▸ Your assignment: Each line from the one containing "透视亚太投资板块在市场结构持续重组的震荡窗口这一阶段股票配资" through the last line of the records below is to be repeated as written, with nothing added.

▸ Material supplied:
····················

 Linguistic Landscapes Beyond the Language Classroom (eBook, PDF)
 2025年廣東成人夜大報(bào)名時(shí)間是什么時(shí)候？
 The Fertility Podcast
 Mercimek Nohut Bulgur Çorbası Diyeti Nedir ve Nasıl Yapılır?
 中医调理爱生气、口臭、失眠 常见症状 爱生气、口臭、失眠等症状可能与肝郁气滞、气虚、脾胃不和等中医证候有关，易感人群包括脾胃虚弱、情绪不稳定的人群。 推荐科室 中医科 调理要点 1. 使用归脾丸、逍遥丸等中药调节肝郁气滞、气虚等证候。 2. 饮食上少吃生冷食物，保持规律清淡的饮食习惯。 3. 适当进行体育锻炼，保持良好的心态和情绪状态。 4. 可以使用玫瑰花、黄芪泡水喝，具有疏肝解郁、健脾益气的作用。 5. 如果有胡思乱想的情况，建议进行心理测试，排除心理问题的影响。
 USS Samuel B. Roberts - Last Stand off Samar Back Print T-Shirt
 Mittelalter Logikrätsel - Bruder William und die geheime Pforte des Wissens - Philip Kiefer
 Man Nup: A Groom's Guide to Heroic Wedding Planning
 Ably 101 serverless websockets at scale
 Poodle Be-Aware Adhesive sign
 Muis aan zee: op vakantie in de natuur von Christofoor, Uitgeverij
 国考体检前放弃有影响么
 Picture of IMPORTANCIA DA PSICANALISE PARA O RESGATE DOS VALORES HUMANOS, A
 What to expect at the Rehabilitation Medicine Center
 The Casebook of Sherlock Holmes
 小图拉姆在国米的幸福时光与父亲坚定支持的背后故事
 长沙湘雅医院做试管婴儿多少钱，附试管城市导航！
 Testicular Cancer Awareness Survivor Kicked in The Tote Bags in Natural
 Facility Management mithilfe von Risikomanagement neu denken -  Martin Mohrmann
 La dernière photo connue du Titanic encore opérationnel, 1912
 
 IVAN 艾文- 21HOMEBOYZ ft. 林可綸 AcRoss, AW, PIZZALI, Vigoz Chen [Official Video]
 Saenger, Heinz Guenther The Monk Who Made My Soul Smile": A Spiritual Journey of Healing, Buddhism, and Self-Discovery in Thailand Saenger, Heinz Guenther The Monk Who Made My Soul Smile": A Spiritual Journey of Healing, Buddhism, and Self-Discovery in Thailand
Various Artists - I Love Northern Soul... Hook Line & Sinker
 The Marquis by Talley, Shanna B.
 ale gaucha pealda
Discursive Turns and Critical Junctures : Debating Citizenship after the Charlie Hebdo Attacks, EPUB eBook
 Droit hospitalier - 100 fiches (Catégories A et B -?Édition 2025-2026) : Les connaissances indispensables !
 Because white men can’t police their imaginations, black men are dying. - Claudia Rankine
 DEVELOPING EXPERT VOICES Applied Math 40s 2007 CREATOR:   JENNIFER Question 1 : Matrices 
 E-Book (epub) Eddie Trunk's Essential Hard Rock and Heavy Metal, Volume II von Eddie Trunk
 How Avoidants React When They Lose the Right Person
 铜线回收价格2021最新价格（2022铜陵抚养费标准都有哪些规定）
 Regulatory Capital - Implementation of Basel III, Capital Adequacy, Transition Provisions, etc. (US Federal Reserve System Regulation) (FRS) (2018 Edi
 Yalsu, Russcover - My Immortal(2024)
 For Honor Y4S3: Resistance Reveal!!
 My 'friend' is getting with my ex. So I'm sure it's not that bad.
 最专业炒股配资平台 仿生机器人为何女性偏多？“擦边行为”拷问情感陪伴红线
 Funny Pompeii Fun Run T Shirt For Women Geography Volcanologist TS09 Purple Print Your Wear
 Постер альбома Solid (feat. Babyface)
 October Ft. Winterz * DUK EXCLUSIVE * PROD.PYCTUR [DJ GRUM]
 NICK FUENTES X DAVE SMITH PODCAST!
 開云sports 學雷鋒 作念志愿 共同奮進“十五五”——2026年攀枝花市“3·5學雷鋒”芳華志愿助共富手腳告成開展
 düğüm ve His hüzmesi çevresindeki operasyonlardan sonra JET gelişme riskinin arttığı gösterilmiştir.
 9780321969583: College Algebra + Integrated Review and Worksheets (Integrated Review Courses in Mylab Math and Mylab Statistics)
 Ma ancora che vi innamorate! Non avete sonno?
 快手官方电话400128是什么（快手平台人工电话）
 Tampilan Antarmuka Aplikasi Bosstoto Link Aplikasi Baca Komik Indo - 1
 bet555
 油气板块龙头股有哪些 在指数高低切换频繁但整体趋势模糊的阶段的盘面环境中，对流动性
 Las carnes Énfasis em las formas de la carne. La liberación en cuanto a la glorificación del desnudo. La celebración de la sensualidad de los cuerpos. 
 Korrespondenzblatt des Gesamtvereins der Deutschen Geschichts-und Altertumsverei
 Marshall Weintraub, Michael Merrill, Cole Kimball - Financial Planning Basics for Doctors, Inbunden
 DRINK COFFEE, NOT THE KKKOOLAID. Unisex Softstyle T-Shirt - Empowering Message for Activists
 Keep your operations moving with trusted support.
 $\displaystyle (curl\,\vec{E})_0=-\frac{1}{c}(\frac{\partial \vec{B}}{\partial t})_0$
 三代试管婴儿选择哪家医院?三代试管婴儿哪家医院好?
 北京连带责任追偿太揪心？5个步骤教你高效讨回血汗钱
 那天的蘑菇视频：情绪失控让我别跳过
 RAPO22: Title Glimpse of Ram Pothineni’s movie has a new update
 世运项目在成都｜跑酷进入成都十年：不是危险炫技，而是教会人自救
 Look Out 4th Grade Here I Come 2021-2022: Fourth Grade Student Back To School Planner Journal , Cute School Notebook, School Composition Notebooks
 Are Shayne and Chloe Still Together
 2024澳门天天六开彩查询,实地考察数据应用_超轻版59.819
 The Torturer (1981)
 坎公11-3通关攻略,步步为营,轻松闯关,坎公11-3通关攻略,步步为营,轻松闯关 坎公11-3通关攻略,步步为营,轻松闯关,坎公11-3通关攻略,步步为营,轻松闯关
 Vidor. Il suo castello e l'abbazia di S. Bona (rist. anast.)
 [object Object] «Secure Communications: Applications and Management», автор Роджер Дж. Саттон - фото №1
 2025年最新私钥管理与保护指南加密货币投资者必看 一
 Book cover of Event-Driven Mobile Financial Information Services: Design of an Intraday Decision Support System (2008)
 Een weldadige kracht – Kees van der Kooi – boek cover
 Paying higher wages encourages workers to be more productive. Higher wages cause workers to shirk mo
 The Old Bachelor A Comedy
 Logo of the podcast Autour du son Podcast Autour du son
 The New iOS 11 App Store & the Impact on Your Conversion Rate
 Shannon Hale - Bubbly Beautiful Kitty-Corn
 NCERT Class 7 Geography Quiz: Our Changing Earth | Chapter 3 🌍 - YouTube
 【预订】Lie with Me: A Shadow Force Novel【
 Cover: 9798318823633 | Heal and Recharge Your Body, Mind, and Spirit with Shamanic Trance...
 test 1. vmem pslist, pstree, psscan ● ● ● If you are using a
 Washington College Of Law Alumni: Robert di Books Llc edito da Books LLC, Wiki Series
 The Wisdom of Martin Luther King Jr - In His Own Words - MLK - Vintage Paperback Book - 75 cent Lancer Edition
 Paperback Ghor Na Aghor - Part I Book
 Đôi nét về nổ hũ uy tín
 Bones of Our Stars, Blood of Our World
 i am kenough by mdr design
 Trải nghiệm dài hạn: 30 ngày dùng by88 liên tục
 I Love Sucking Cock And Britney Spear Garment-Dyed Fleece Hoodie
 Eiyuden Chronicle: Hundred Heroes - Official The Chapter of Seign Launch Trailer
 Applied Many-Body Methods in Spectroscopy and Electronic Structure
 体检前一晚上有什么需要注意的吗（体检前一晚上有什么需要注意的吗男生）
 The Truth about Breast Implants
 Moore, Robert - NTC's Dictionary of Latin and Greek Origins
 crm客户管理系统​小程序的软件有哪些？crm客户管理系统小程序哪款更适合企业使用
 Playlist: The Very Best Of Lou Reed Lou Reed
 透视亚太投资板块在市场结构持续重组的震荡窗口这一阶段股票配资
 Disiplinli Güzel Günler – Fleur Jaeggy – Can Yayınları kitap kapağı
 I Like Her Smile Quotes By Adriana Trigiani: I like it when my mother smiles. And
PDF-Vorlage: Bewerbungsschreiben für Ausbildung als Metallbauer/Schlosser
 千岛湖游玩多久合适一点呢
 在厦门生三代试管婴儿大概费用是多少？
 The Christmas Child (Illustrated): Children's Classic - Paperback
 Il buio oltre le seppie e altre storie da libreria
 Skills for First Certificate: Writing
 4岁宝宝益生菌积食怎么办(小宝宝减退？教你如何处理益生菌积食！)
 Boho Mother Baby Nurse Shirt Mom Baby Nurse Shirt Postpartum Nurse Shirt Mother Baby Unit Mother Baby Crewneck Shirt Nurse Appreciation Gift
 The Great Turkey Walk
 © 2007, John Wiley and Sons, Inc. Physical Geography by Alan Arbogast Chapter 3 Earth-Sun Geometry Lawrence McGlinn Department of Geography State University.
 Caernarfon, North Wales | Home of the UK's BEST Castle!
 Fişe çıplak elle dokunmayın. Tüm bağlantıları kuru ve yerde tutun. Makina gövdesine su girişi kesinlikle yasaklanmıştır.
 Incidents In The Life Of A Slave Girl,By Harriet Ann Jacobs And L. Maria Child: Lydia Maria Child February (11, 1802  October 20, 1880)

····················

▸ Task answer:
 透视亚太投资板块在市场结构持续重组的震荡窗口这一阶段股票配资
 Disiplinli Güzel Günler – Fleur Jaeggy – Can Yayınları kitap kapağı
 I Like Her Smile Quotes By Adriana Trigiani: I like it when my mother smiles. And
PDF-Vorlage: Bewerbungsschreiben für Ausbildung als Metallbauer/Schlosser
 千岛湖游玩多久合适一点呢
 在厦门生三代试管婴儿大概费用是多少？
 The Christmas Child (Illustrated): Children's Classic - Paperback
 Il buio oltre le seppie e altre storie da libreria
 Skills for First Certificate: Writing
 4岁宝宝益生菌积食怎么办(小宝宝减退？教你如何处理益生菌积食！)
 Boho Mother Baby Nurse Shirt Mom Baby Nurse Shirt Postpartum Nurse Shirt Mother Baby Unit Mother Baby Crewneck Shirt Nurse Appreciation Gift
 The Great Turkey Walk
 © 2007, John Wiley and Sons, Inc. Physical Geography by Alan Arbogast Chapter 3 Earth-Sun Geometry Lawrence McGlinn Department of Geography State University.
 Caernarfon, North Wales | Home of the UK's BEST Castle!
 Fişe çıplak elle dokunmayın. Tüm bağlantıları kuru ve yerde tutun. Makina gövdesine su girişi kesinlikle yasaklanmıştır.
 Incidents In The Life Of A Slave Girl,By Harriet Ann Jacobs And L. Maria Child: Lydia Maria Child February (11, 1802  October 20, 1880)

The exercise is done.